■ Task to carry out ■
Locate the line that contains "Uniformes médicaux unisexes, ensemble" in the entries below, then repeat it and every following line through the line that contains "Solar Radiation and", exactly, and no others.

■ Listed records ■
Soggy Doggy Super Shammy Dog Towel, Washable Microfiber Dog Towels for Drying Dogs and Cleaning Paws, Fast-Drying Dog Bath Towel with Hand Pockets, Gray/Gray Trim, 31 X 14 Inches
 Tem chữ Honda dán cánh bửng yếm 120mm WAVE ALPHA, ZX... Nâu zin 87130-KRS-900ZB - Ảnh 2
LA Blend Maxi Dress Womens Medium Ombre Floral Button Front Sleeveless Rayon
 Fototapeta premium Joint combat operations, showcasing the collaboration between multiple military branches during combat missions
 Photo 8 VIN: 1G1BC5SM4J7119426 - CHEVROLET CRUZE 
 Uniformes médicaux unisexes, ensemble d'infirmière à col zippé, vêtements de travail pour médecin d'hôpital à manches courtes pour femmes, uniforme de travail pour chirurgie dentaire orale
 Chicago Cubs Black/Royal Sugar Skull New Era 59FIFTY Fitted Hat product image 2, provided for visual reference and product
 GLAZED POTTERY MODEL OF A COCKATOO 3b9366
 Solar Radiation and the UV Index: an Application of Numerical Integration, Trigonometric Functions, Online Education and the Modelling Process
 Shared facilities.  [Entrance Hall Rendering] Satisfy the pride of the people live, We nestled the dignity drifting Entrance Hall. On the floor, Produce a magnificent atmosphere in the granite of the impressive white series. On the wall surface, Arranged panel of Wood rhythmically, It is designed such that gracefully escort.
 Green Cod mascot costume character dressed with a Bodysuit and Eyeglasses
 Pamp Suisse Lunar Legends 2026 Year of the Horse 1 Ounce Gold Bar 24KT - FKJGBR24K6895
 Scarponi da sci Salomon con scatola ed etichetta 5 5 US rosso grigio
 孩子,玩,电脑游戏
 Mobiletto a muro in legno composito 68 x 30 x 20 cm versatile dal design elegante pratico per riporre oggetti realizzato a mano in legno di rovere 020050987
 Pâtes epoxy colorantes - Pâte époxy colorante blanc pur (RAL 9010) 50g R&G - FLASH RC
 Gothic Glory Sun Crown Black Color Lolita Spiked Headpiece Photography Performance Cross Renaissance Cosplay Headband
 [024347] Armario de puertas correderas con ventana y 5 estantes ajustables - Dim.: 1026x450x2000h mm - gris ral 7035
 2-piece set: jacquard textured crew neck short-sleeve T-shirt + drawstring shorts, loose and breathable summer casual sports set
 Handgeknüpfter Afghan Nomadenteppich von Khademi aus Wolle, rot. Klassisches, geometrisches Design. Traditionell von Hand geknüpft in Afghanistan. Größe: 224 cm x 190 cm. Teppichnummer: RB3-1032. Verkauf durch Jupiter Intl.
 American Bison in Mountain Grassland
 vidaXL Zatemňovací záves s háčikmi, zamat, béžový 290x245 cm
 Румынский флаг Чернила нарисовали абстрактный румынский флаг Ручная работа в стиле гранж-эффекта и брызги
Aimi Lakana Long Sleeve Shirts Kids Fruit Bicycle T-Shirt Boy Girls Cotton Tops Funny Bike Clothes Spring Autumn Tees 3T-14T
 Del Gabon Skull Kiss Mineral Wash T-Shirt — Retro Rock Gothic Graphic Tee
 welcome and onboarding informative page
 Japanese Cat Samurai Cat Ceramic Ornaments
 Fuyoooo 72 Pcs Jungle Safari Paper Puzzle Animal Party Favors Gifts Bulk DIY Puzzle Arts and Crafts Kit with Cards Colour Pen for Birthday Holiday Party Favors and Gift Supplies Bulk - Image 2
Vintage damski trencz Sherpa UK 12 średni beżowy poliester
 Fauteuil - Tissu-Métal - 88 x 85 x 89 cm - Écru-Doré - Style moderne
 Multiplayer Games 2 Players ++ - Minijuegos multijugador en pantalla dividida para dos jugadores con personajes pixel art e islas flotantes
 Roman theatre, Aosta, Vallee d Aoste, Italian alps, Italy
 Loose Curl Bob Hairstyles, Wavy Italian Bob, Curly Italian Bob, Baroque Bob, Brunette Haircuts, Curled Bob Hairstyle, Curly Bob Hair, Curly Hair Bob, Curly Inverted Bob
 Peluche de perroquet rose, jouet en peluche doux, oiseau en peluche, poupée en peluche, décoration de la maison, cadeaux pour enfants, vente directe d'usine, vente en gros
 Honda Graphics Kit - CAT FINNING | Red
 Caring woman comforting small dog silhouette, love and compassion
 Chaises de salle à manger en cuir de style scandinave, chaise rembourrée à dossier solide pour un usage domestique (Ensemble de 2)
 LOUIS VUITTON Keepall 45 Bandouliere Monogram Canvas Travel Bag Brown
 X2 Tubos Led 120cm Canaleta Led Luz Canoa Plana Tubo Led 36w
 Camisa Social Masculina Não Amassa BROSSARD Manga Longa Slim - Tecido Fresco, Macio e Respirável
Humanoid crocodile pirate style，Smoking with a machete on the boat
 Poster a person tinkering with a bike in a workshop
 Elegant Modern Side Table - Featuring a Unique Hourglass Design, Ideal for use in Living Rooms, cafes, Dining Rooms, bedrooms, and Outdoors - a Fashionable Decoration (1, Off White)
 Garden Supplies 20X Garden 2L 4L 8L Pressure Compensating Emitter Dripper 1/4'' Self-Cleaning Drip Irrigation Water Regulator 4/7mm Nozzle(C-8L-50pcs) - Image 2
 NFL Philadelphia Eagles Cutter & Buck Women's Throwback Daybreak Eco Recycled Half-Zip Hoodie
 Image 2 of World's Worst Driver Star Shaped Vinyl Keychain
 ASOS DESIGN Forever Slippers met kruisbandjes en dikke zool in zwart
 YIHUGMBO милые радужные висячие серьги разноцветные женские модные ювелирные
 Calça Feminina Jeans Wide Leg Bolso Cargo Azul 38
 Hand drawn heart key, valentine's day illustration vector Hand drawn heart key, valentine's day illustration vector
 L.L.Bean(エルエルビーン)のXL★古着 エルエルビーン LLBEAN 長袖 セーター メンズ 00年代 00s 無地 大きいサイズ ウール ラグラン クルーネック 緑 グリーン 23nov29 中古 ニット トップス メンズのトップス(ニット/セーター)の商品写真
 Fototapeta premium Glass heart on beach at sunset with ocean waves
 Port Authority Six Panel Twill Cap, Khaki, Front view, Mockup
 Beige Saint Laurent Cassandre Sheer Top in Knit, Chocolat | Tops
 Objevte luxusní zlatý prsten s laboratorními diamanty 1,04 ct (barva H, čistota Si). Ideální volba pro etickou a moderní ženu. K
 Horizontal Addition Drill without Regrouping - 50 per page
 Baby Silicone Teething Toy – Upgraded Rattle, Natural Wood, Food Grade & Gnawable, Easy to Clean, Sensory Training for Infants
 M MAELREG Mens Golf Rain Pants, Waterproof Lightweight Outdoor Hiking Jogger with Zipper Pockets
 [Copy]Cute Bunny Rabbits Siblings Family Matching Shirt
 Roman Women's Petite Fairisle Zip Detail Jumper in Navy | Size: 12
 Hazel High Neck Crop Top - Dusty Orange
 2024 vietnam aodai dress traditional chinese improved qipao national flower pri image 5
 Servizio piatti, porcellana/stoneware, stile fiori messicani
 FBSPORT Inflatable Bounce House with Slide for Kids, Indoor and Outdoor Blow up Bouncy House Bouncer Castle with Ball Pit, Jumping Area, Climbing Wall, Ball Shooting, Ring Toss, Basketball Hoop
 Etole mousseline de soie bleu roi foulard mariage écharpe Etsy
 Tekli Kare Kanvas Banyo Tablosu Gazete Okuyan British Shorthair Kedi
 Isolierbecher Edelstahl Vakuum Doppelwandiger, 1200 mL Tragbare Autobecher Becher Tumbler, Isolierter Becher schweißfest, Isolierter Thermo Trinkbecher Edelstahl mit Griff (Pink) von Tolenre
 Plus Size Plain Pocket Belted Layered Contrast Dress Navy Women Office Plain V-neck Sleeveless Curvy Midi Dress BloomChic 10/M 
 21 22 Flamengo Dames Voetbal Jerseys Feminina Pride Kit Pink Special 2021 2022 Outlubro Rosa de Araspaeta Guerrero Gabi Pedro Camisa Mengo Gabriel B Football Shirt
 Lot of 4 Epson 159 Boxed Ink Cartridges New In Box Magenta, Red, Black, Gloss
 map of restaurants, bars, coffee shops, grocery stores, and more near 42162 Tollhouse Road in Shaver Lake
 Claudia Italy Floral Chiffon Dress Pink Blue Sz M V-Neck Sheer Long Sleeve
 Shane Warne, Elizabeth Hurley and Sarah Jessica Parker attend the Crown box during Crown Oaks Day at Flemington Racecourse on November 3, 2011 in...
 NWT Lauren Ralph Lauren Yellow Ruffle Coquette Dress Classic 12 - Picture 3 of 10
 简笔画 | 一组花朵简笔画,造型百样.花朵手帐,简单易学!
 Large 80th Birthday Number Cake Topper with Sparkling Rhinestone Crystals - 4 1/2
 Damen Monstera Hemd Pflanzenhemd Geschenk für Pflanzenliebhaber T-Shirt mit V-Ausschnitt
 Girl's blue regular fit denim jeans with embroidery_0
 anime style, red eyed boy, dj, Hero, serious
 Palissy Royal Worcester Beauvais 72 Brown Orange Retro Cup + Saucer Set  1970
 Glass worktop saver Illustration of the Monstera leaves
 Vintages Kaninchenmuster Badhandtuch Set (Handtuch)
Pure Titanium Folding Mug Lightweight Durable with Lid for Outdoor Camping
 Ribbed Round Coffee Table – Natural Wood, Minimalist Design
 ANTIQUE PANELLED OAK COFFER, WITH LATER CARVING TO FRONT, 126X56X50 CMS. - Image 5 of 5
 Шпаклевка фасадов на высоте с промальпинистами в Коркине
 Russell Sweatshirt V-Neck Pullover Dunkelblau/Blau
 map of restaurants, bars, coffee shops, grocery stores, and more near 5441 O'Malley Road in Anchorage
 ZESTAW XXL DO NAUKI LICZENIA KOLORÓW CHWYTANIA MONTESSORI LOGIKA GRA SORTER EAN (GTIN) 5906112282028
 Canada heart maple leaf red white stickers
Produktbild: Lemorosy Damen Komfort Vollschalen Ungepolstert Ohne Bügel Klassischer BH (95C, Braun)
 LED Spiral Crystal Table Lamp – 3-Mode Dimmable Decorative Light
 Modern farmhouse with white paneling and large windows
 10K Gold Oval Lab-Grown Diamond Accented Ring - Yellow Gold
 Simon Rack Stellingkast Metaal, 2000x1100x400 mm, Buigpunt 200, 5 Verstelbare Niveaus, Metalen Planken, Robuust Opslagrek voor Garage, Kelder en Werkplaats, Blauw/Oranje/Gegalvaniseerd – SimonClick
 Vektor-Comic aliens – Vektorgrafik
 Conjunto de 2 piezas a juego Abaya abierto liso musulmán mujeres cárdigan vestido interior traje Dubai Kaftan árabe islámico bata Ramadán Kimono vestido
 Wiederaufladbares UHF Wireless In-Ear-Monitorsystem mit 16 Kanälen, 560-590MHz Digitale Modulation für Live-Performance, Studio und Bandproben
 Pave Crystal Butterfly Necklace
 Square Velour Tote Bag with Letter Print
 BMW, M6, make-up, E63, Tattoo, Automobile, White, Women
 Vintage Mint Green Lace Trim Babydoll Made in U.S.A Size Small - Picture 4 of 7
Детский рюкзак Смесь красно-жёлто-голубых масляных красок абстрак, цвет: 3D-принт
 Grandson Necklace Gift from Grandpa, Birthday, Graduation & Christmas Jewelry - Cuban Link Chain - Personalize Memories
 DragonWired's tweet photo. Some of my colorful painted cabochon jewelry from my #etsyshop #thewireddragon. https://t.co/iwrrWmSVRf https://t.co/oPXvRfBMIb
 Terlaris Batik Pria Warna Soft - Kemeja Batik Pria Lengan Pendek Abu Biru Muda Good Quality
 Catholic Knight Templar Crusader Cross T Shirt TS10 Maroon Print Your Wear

■ Task output ■
 Uniformes médicaux unisexes, ensemble d'infirmière à col zippé, vêtements de travail pour médecin d'hôpital à manches courtes pour femmes, uniforme de travail pour chirurgie dentaire orale
 Chicago Cubs Black/Royal Sugar Skull New Era 59FIFTY Fitted Hat product image 2, provided for visual reference and product
 GLAZED POTTERY MODEL OF A COCKATOO 3b9366
 Solar Radiation and the UV Index: an Application of Numerical Integration, Trigonometric Functions, Online Education and the Modelling Process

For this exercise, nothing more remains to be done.